Gontijo Flores, assim, aborda – com a precisão milimétrica que rege a posição de cada palavra no poema – os detalhes da vida cotidiana, da vida urbana, da vida a dois. E faz isso sem maquiar com sentimentalismo, mistificar ou precisar transcender, ir além, do que descreve. Pelo contrário, caminha sempre em direção às próprias coisas, rumo à sua "carnura", como ele mesmo diz.

Em outro poema, ele procura uma "réstia de vida" na imagem da carcaça de um pássaro destroçado por dois gatos (um ato "sem pecado/ sem perdão"), uma réstia que não se encontra nem nos gatos, nem no pássaro morto, "uma réstia ainda & sempre por se/ encontrar".

É uma forma de afirmação da vida encontrada na própria violência do viver e abordada com uma rara placidez, como quem busca algum contentamento no mundo sem iludir-se e ignorar todas as pequenas e grandes desgraças cotidianas – do desamor ("não se aprende a amar/ o desamar sim/ se desaprende", afirma outro poema) à morte.
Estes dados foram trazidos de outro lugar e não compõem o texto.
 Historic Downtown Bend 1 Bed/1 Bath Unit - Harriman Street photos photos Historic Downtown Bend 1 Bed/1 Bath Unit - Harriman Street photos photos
Quem olhar com atenção, verá que tal projeto permeia todo o livro.

Por tudo isso, por não ser um desses livros de estreia lançados cedo demais que acabam depois causando arrependimento – Guilherme, afinal, é um estudioso de Horácio, que é quem recomenda guardar um livro por 9 anos na gaveta antes de publicá-lo –, que Brasa Enganosa se revela ser o começo de uma trajetória poética muito promissora.